THE TIME TRAVEL romp "Men In Black 3" returns us to a previous century, all the way back to that bygone era when Will Smith had yet to make a sequel.
The year was 1997, Smith was coming off the cheese ball hit "Independence Day" and about to make what seemed like just another alien invasion movie, adapted from Lowell Cunningham’s Men in Black comic books/graphic novels.
The movie paired Smith with legendary sourpuss Tommy Lee Jones, an idea that was either ingenious or terrible. Some $250 million later, the public had weighed in: The idea was ingenious.
Smith and Jones gained immediate entry into the movie chemistry hall of fame. Smith had been straight man to Martin Lawrence in "Bad Boys," but now uncorked his natural ebullience and turned it into a rubber ball that bounced off the stoic, granite face of the world-weary Jones. Opposites attracted — black and white, young and old, the rookie and the veteran, up-tempo and down, Smith’s wholesome urban hip-hop and Jones’ Texas twang. The playful screenplay (illegal aliens) offered tasty roles for Vincent D’Onofrio and Linda Fiorentino.
You understand why Smith, after "Seven Pounds" (the actual amount of money it made in the U.K.), wants to crawl into a wormhole and get back to ’97 — why the time-travel scenario had such appeal.
In "MiB 3" an alien bad guy named Boris the Animal (Jemaine Clement) escapes from prison and travels back in time to kill Agent K (Jones) in 1969, the year of their first encounter, when K not only imprisoned Boris but girded the earth with invasion-repellent.
Agent J (Smith) then follows Boris through time to save K, leading to the movie’s one consistently good joke — Josh Brolin plays the younger K, and does a dead-on impression of fellow Texan Tommy Lee Jones (perfected on the set of "No Country for Old Men"), which turns out to be much better than his impression of fellow Texan George Bush.
Wait ... if K was killed in ’69, and he never indoctrinated J into the service, how is J in a position to travel back in time to save him?

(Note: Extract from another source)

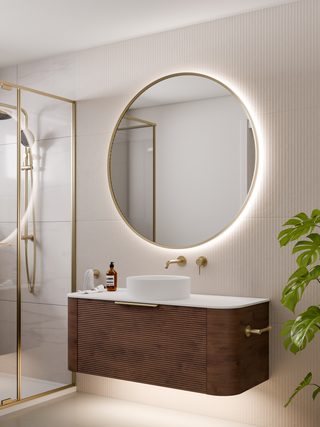 code-interiors-brushed-brass-aura-round-led-mirror-in-bathroom-setting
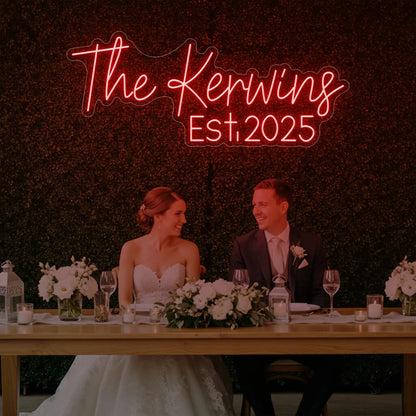 Photo of the 'Wedding Last Names Custom Neon Sign V5' neon sign glowing in red against a styled interior wall.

This is another advantage of the movie’s time travel scenario — it’s built around the idea that all potential scenarios exist simultaneously in parallel universes. Parallel universes — a screenwriter’s best friend!
Alas, in the parallel universes of cable TV, Netflix and plain old memory, "MIB 3" must stand next to the original, with all its comic snap, crackle and pop. Smith tries hard here, but that’s part of the problem — beads of sweat are all over this thing.

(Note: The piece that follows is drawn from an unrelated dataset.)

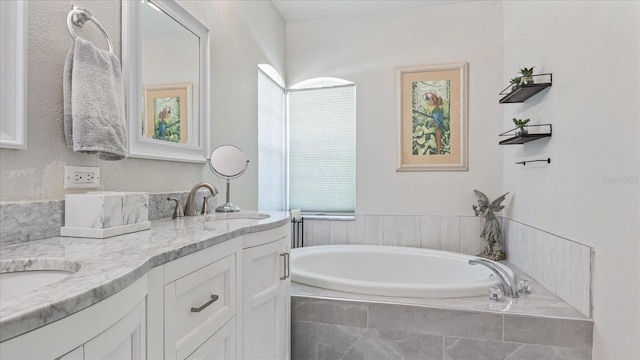 bathroom with tiled bath and vanity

The movie strains to repeat the beats of original, and misses an enormous opportunity to make hay with the 1969 setting — an age-of-Obama African-American going back to Nixonian times. Smith has a funny driving-while-black scene, and the thread suddenly drops. There’s another inventive scene with Bill Hader as Andy Warhol, and that’s it.
Back to the corkscrewed time travel plot, and an 11th inning grab for tear-jerking sentiment, which seems out of place.

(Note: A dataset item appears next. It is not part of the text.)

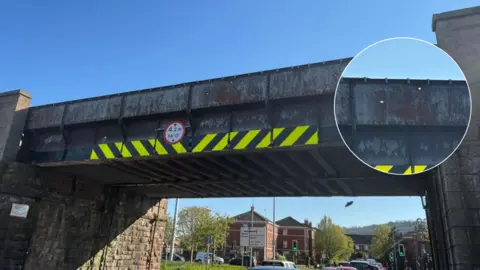 Graham Loveluck-Edwards A railway bridge over a road on which cars are queing. The bride has several small holes punched into it.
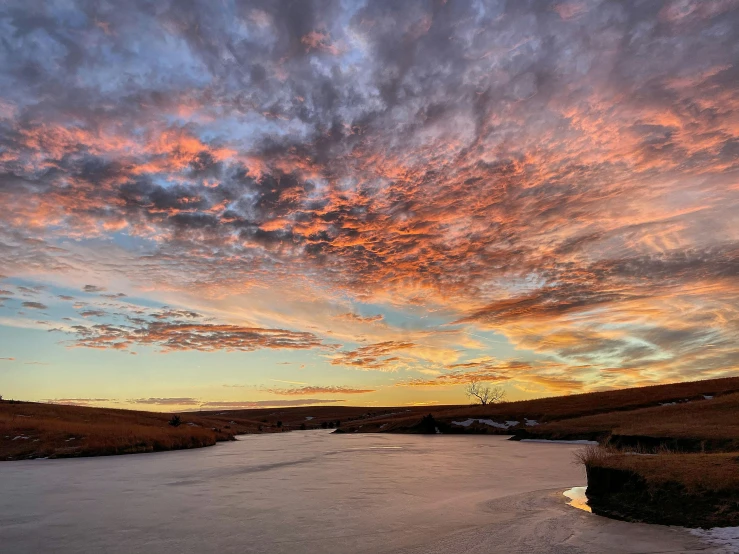 sunset with a large body of water and cloudy skies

More than anything, you feel as if you’re sitting in stale air, despite the 3-D upgrade (the presentation is excellent). The franchise needs new creative blood, like the Joss Whedon-infused "The Avengers," or the Chris Nolan "Batmans."
Or Smith needs to go back in time and kill "MiB 2," and we can all pretend we haven’t seen this sequel before.
REVIEW | ss 1/2
Men in Black 3
Directed by Barry Sonnenfeld. With Will Smith, Tommy Lee Jones, Josh Brolin, Emma Thompson, Michael Stuhlbarg, Bill Hader, Alice Eve, David Rasche. Distributed by Columbia Pictures.